--- Provided data ---
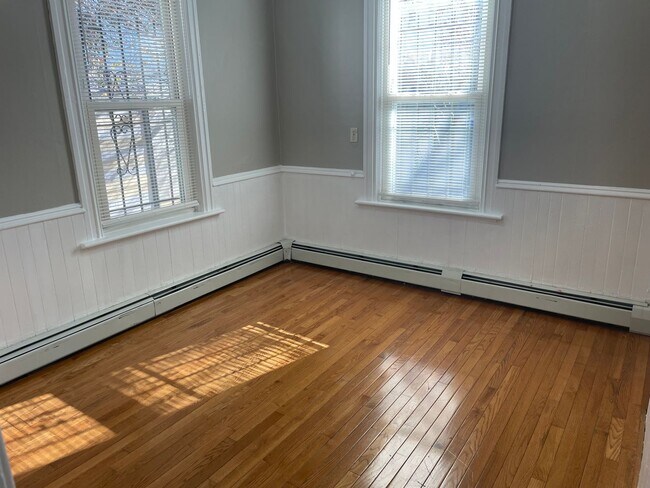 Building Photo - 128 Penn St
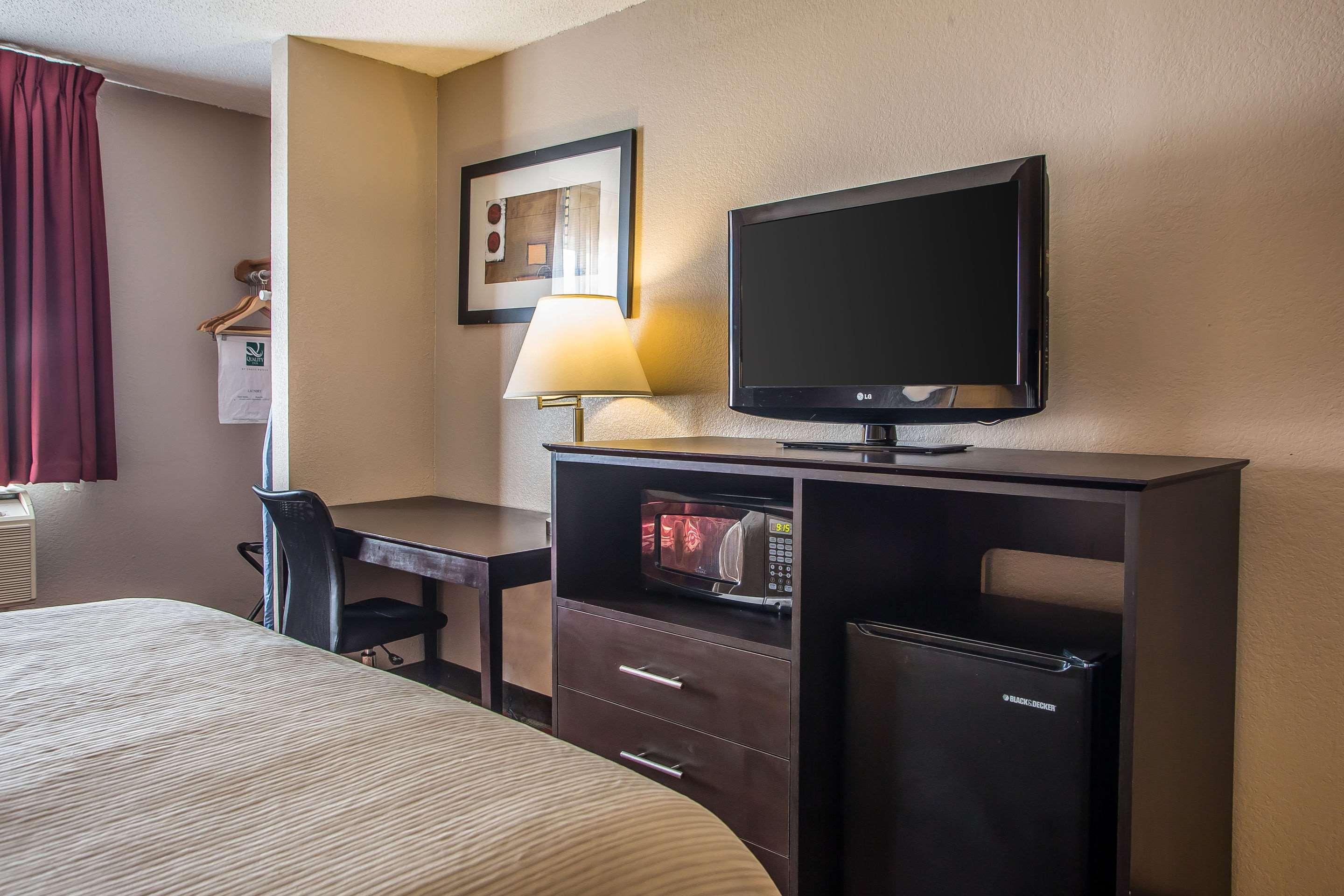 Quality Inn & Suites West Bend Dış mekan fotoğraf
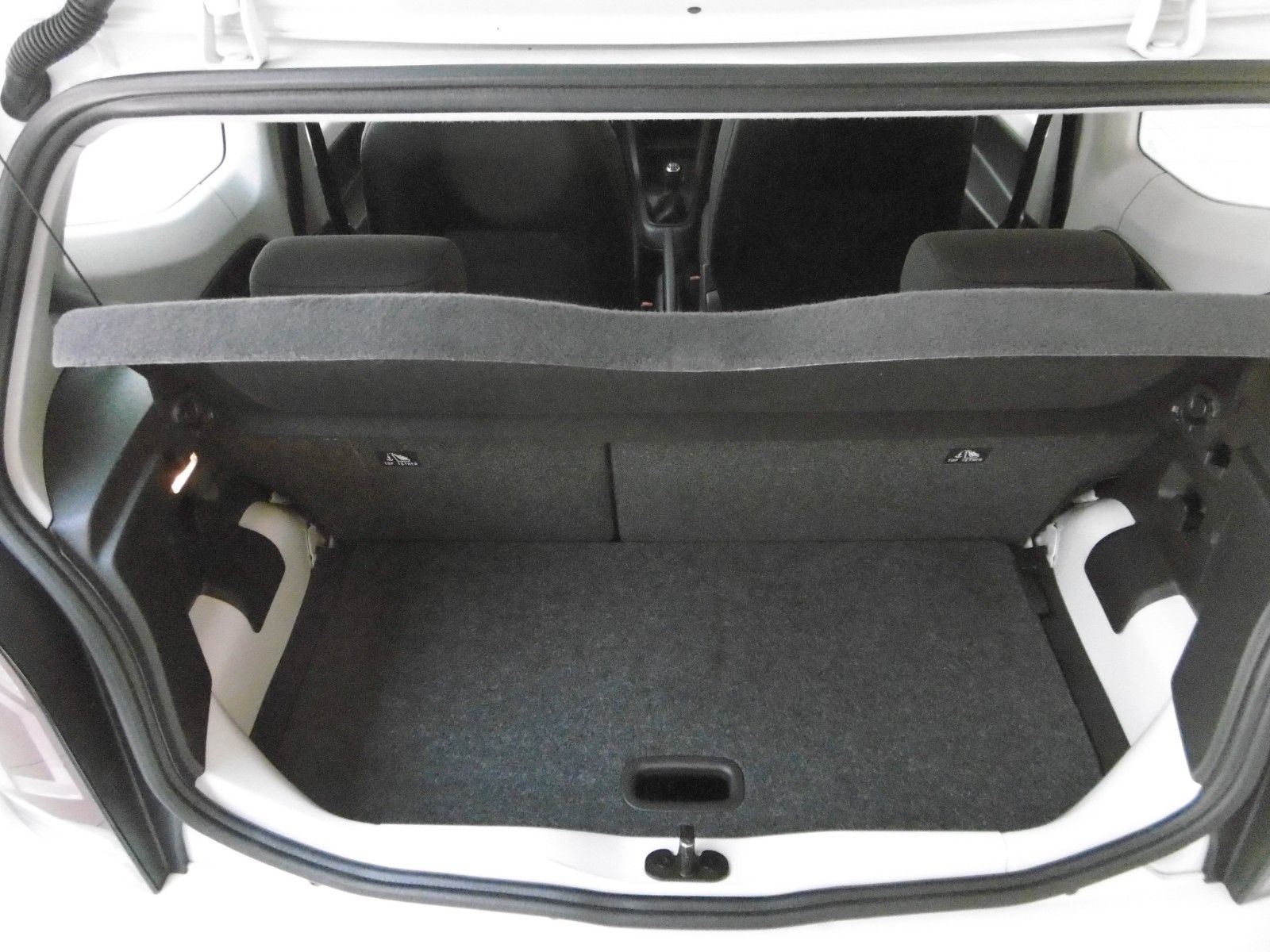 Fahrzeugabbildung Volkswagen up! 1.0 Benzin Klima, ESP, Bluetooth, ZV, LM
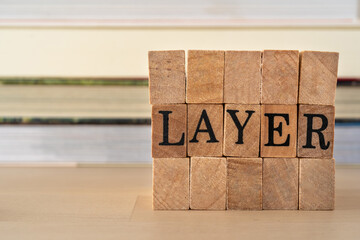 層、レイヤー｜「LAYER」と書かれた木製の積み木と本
---
Problem requirements:
Your copy should hold exactly the lines from the line containing "Fahrzeugabbildung Volkswagen up!" through the last line of the listing above, both included, and no pictures.

Result of this exercise:
 Fahrzeugabbildung Volkswagen up! 1.0 Benzin Klima, ESP, Bluetooth, ZV, LM
 層、レイヤー｜「LAYER」と書かれた木製の積み木と本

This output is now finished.